What if I said that these T-shirts date back to 1976, which is to say more than half my life, and that they chronicle the twists and turns that my life has taken since, well, 1976?
And touched on many events and movements of interest to the wider world?
The other day I took them out and tried to sort them into chronological order. They weren’t into chronology. Some of them insisted on sorting themselves by theme, even if they’d come into my life decades apart: feminism, lesbian community, demonstrations, science fiction, writing, editing, bookselling, music, horses, dogs, Martha’s Vineyard . . .

I couldn’t ignore the shimmering lines where one shirt reached out to another, and often several others, sometimes over two or three decades, sometimes making connections I hadn’t anticipated. My T-shirts were hyperlinked. They wouldn’t fall into a straight line. Whatever shape they agreed to would have to be multi-dimensional.
Over the years quite a few people have suggested making a quilt — or, since sewing patches on jeans and buttons on shirts is all I can do with needle and thread, commissioning someone else to make a quilt. They’ve got a point. I’ve seen beautiful quilts that commemorate histories, personal and otherwise. But I don’t need another quilt, nor do I have wall space to hang one that’s purely decorative.
Besides, quite a few of my T-shirts come attached to stories that couldn’t be contained in a quilt square, and not infrequently those stories overlap. How would any quilter know what my shirts have to say about each other, and about me, without me standing by and pestering her with commentary? I’m a writer, not a quilter. I should be writing the stories, not dictating them to someone else. (Yes, I do know quite a few women who both quilt and write.)
Not to mention — T-shirts are meant to be worn. Which brings me round to why I glommed on to T-shirts in the first place. Here’s the story I’ve been telling myself:
Through my late teens and well into my early thirties I was fat. I’ve never been thin, but in those years I was fat enough to have to buy most of my clothing in plus-size stores. I knew nothing about fashion and cared less, and in any case, in those days the notion that a woman could be both fat and fashionable was oxymoronic. Fat women were supposed to dress to make ourselves unobtrusive, for instance by wearing dark colors and/or vertical stripes. Dark colors and/or vertical stripes don’t make you unobtrusive; they make it look like you’re trying to look unobtrusive — to efface if not erase yourself. To apologize for the space you were taking up.
My sartorial tastes ran more to denim and flannel. Relatively late in life it dawned on me that since I was about 12, I’d been arranging my life so I could dress as if I worked in a barn — which I did through my teen years and again through my fifties (we’ll get to that eventually). College campuses fit the bill, as did the antiwar and women’s liberation movements.
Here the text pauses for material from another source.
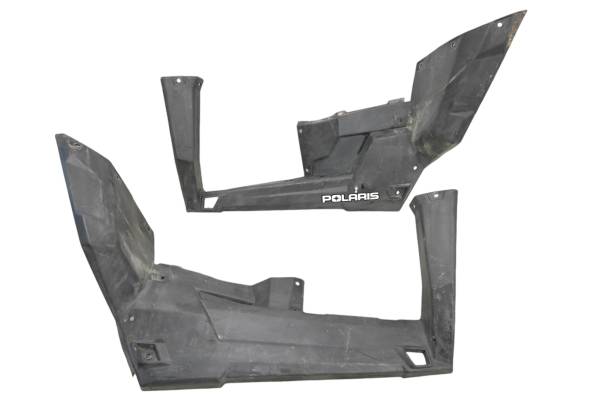 Polaris - 18 Polaris Ace 900 XC Right & Left Rocker Panel Covers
I like to think that I went through the early to mid 1970s wearing only jeans and blue work shirts, but this could not possibly be true: I only had two or three of each, I didn’t do laundry all that often, and though I’m casual to a fault, grunge has never been my style.
Whatever I wore, though, it was not meant to draw attention to my body. I was not the least bit shy, however, about drawing attention to my political proclivities, which were made obvious by what came out of my mouth and what I put down on paper, and by my political buttons. When I imagine myself in those years, what I see is a stocky (to put it politely) woman of average height, with unruly (again, I’m being generous here) brown hair, wearing jeans, a baggy shirt, and an assortment of political buttons. The buttons identified me; to some extent they even spoke for me, though I was always ready, willing, and able to back them up with words.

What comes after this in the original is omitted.